Cuando llega el buen tiempo tengo otro motivo para ir. La piscina. Parece una nimiedad pero en Tánger no hay piscinas públicas. Hay un parque acuático pero está a las afueras de la ciudad. Además es carísimo. A mí me encanta la playa pero los niños se pirran por el cloro.
Me gusta ir al Intercontinental. Por un precio razonable puedes disfrutar de sus instalaciones. Césped. Árboles. Flores. Todo cuidadísimo. Y lo mejor, sin tener que aguantar a nadie. No hay gritos estridentes. Conversaciones telefónicas a todo volumen. Chapuzones escandalosos. O los típicos planchazos de vergüenza ajena.
Muchas mañanas cuando el Kalvo sale a trabajar, yo preparo las toallas, manguitos, galletas, pañales y me planto en la recepción. Con mis bártulos embutidos en una sola bolsa, que parece fácil pero no lo es.
Un día me encontré con una chica catalana. La acompañaba un grupo de chavales. Cuando le pregunté qué hacían, me respondió que estaba dando un cursillo de natación.
-He llegado a un acuerdo con la dirección y me dejan usar la piscina dos días a la semana por un precio bastante ajustado -me dijo.
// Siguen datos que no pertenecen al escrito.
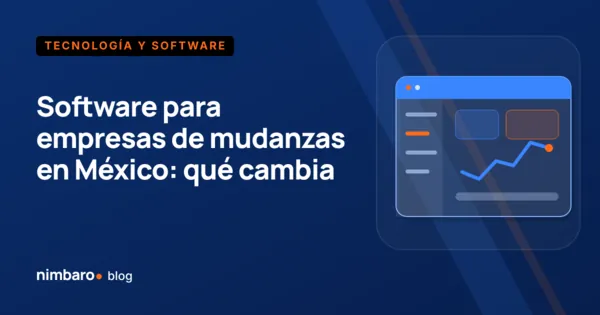 Pantalla de gestión de mudanzas con importes en pesos y código postal mexicano junto a un camión de mudanza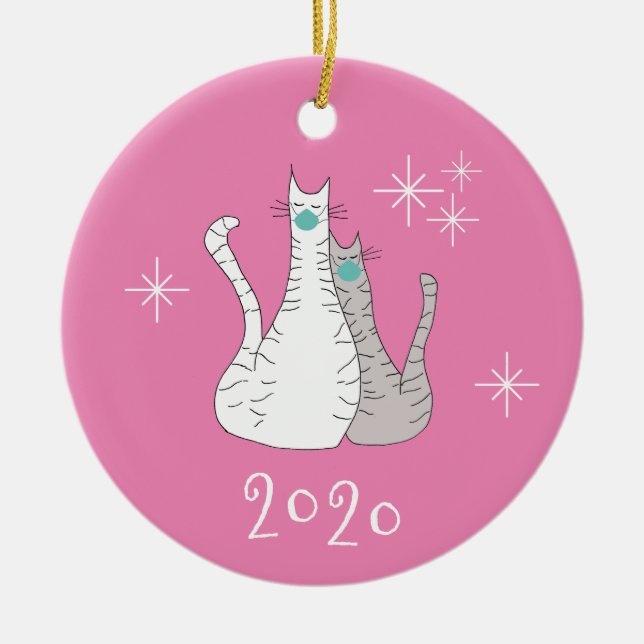 Christmas 2020 Cats Face Masks Cute Pink Ceramic Tree Decoration (Front)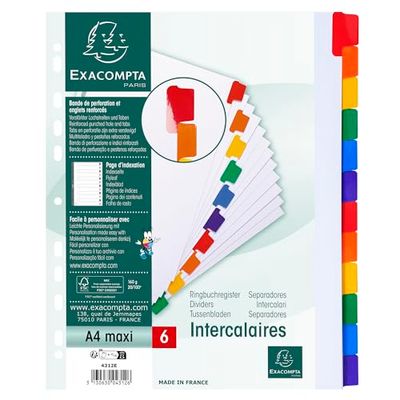 EXACOMPTA st. 1 x A4+ kartongdelare med 12 tangenter 4312E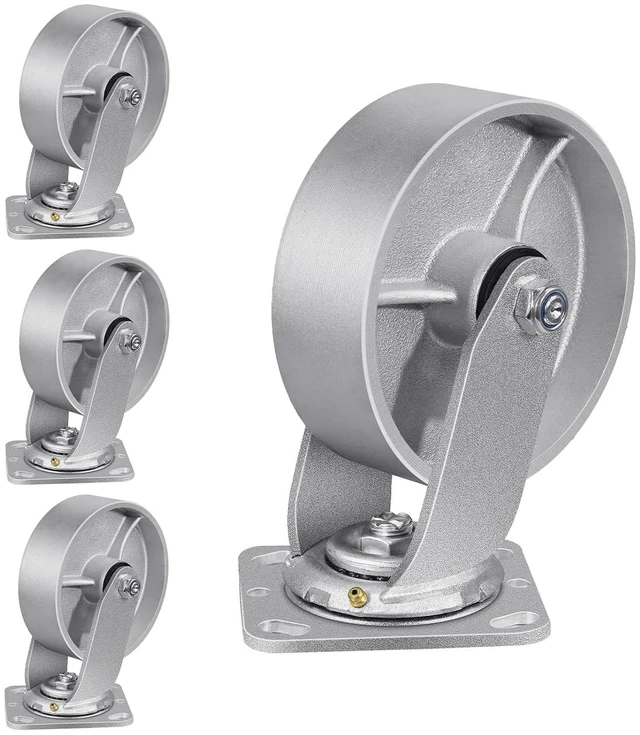 Main image of 6" x 2" Heavy Duty Industrial Casters Steel Cast Iron Wheels with Roller Bearing, 4800 LBS Capacity, Metal Casters (4 Swivel)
-Que buena idea, el año que viene apunto al mío que ya va siendo hora de que aprenda.
En Tánger es difícil encontrar actividades extraescolares para los enanos. Las madres van como poseas buscando algo que pueda entretenerlos.
Yo intenté en dos ocasiones apuntarlo a clases de natación. Fue un fracaso total.
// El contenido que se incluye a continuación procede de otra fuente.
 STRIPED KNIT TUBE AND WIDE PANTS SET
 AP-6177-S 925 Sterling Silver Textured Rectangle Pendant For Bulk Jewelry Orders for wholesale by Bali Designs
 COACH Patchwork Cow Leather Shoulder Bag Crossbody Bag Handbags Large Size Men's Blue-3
Primero, en la escuela americana. Me dicen que dan cursillos para niños. Para allá que me voy. Pido información. Me la dan. Precios. Porque no saben los horarios. Quedan en llamarme cuando los tengan listos. Me paso por el centro un par de veces. A preguntar. Llamo otras tantas. Nunca tengo suerte. O el chico no está o no sabe nada.
Segundo intento. Hotel César. Tienen un simulacro de piscina. Popularmente conocida como charca. Pero para Terremoto creo que será más que suficiente. No es barato. Los horarios son malísimos. Del palo: Es invierno, tírate a la piscina a las dos de la tarde. Algunas madres apuntan a sus hijos. Yo llego tarde. Cuándo quiero hacerlo el curso ya es historia. Ha durado... un día.
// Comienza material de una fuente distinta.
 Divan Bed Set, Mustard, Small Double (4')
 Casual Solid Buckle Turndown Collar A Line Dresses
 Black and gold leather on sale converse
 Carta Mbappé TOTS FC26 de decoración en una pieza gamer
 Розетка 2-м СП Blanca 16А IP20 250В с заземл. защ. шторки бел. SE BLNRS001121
Por eso, ahora que el Intercontinental cierra no puedo evitar sentirme un poco triste. Tendré que buscar otro puto sitio donde tomar café. Y tendré que buscar otra puta piscina donde remojar el culo cuando apriete el calor.
Me han dicho que lo han comprado. Estará cerrado al público unos dos años. El tiempo que tarden en reformarlo. Pero para entonces ves a saber dónde estamos nosotros.